# My mam has just gotten her travel pass



## elacsaplau (31 Jul 2020)

Just wondering about any good uses for this that may not be immediately obvious - like what ferries can she use it on in Ireland and apart from NI, does it have any currency internationally? And anything else to note....


----------



## Saavy99 (31 Jul 2020)

She's free on all trains and busses. Free trip out to the Aran Islands, if using it in Northern Ireland it's bit more complicated but look up citizen information about that. Can't be used outside of the country.

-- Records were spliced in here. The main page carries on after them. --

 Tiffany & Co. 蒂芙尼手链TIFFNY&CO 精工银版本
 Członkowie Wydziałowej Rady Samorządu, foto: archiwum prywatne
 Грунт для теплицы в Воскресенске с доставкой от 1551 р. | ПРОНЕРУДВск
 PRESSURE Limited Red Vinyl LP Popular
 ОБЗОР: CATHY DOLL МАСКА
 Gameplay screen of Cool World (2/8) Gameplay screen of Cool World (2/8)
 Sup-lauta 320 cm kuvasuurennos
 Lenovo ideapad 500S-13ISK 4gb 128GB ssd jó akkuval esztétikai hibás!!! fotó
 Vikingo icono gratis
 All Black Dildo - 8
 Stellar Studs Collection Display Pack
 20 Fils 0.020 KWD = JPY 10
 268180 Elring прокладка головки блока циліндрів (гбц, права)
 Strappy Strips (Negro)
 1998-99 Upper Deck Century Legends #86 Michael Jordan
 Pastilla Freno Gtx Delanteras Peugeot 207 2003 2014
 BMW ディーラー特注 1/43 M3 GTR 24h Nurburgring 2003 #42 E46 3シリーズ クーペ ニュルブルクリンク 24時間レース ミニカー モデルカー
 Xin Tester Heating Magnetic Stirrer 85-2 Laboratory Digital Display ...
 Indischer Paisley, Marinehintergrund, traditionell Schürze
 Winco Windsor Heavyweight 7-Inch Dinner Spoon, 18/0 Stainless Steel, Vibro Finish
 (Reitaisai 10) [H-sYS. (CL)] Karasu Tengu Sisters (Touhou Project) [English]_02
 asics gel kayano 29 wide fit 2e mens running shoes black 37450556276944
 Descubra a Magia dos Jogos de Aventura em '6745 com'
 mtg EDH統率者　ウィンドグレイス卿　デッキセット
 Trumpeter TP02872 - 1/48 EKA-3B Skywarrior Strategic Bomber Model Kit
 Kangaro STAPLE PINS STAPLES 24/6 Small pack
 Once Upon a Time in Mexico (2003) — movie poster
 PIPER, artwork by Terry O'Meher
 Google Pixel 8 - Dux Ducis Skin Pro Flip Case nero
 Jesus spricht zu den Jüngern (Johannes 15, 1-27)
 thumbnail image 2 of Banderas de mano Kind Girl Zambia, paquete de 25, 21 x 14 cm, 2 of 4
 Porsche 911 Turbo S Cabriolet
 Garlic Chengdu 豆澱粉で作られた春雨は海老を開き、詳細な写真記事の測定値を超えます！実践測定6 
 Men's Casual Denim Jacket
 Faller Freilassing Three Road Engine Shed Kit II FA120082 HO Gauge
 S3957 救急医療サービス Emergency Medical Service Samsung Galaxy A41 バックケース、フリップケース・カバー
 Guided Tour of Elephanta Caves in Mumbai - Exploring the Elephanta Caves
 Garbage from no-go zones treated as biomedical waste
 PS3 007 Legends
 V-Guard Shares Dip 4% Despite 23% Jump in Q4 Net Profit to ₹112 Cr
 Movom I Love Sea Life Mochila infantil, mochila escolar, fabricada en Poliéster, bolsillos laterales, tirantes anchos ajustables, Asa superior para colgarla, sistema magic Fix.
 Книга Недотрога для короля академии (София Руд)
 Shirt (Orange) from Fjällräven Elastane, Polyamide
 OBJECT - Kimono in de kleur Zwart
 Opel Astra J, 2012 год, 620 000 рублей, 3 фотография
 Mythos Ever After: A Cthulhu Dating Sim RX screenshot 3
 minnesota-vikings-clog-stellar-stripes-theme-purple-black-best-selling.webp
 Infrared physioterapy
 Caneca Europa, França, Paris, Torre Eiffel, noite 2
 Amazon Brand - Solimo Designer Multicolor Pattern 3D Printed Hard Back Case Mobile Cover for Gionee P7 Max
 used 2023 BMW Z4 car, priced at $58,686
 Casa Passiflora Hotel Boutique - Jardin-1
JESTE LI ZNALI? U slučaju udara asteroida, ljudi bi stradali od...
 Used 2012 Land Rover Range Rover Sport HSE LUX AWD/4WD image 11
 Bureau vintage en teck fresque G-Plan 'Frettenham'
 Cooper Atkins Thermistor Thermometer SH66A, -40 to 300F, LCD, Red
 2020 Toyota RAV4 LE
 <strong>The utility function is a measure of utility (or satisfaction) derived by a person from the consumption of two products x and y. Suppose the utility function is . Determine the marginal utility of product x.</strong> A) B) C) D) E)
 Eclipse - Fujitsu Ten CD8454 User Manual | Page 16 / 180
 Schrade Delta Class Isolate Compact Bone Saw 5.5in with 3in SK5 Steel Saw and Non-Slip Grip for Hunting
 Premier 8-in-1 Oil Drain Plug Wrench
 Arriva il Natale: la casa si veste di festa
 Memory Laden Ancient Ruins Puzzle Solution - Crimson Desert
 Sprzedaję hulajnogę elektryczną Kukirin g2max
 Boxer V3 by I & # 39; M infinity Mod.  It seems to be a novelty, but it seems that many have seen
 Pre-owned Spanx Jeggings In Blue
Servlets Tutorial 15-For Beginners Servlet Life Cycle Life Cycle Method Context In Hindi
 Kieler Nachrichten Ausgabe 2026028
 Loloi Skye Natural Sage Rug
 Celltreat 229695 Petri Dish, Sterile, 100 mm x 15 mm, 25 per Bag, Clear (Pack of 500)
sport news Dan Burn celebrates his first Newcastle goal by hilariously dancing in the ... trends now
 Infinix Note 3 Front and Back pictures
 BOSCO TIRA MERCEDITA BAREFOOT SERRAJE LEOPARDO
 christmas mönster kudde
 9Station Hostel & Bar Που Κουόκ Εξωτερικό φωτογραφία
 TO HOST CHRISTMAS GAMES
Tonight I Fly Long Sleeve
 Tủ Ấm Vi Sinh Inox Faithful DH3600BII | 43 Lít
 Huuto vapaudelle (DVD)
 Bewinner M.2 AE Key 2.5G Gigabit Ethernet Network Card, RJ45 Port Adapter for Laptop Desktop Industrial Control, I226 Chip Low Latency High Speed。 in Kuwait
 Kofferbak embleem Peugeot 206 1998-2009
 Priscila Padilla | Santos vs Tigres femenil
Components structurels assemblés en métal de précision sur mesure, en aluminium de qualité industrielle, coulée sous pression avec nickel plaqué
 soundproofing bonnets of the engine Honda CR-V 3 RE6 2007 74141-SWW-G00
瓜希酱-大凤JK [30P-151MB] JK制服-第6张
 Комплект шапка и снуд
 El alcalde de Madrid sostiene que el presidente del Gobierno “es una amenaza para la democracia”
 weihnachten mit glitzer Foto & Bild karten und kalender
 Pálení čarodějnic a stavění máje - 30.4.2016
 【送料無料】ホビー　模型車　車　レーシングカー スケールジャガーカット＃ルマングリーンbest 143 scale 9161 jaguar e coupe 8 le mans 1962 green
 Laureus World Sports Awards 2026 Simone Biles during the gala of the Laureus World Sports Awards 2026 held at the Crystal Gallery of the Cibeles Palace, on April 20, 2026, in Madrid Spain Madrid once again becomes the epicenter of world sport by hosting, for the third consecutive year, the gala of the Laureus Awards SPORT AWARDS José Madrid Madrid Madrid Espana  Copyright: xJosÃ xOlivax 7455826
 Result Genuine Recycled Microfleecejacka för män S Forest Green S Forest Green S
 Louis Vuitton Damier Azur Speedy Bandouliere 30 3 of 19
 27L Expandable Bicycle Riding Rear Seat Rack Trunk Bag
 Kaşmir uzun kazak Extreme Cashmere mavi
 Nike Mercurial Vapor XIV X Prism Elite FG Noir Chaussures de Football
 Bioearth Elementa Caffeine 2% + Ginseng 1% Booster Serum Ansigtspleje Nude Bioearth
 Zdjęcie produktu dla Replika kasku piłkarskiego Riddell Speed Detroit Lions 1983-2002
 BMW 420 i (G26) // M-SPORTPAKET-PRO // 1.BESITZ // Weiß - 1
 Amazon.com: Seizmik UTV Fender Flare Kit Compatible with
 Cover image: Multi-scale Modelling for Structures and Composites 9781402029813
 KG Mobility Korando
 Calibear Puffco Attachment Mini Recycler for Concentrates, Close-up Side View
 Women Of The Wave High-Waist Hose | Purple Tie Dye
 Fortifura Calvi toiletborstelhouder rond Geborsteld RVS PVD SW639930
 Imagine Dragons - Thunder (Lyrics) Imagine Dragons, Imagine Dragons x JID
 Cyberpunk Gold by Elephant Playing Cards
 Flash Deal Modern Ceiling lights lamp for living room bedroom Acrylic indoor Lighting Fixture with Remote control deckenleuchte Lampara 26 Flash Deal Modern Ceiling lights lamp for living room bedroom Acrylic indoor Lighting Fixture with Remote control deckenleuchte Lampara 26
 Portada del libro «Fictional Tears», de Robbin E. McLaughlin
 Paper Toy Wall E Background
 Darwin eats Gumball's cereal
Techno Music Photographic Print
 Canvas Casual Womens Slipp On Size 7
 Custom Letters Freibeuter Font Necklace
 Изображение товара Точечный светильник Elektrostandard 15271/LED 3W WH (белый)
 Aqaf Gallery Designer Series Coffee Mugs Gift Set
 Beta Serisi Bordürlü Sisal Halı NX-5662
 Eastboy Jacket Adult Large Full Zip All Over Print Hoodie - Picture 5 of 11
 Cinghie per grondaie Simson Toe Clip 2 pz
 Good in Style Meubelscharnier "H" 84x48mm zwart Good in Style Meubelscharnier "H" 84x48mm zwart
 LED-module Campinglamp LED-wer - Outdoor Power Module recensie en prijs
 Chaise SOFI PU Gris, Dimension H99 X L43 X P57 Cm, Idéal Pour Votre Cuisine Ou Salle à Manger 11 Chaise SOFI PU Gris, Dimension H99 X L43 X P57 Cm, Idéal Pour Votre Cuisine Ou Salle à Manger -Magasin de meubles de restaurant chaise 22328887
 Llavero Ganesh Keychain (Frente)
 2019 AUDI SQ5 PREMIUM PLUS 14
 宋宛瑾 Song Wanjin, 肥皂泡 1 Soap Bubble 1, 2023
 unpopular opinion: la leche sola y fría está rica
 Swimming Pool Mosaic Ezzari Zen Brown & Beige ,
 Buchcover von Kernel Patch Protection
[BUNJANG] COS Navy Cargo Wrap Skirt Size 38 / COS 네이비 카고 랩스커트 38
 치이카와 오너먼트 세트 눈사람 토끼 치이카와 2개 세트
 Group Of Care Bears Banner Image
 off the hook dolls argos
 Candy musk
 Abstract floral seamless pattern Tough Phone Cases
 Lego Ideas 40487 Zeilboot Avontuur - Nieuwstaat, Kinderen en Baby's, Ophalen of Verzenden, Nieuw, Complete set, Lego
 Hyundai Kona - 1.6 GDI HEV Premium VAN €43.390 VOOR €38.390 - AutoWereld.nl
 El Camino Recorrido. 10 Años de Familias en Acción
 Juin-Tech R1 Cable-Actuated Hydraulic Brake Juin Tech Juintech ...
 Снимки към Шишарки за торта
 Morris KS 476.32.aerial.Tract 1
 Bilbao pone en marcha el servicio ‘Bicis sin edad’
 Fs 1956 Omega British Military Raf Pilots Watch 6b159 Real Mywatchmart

It's great perk to have but I don't know how long more the country can sustain it especially now with reduced capacity in all trains and busses.


----------



## Slim (31 Jul 2020)

Make sure she applies separately to NI for the NI pass. It's not automatic or all Ireland.


----------



## Saavy99 (31 Jul 2020)

Her spouse can also travel free with her even if that person is under pension age.


----------



## Sue Ellen (31 Jul 2020)

elacsaplau said:


> And anything else to note....



Hate to have to say this but with Covid still very active does she really want to be travelling much on public transport at the moment especially now that she has reached the age where she qualifies for free travel.


----------



## MrsBre (31 Jul 2020)

Saavy99 said:


> Her spouse can also travel free with her even if that person is under pension age.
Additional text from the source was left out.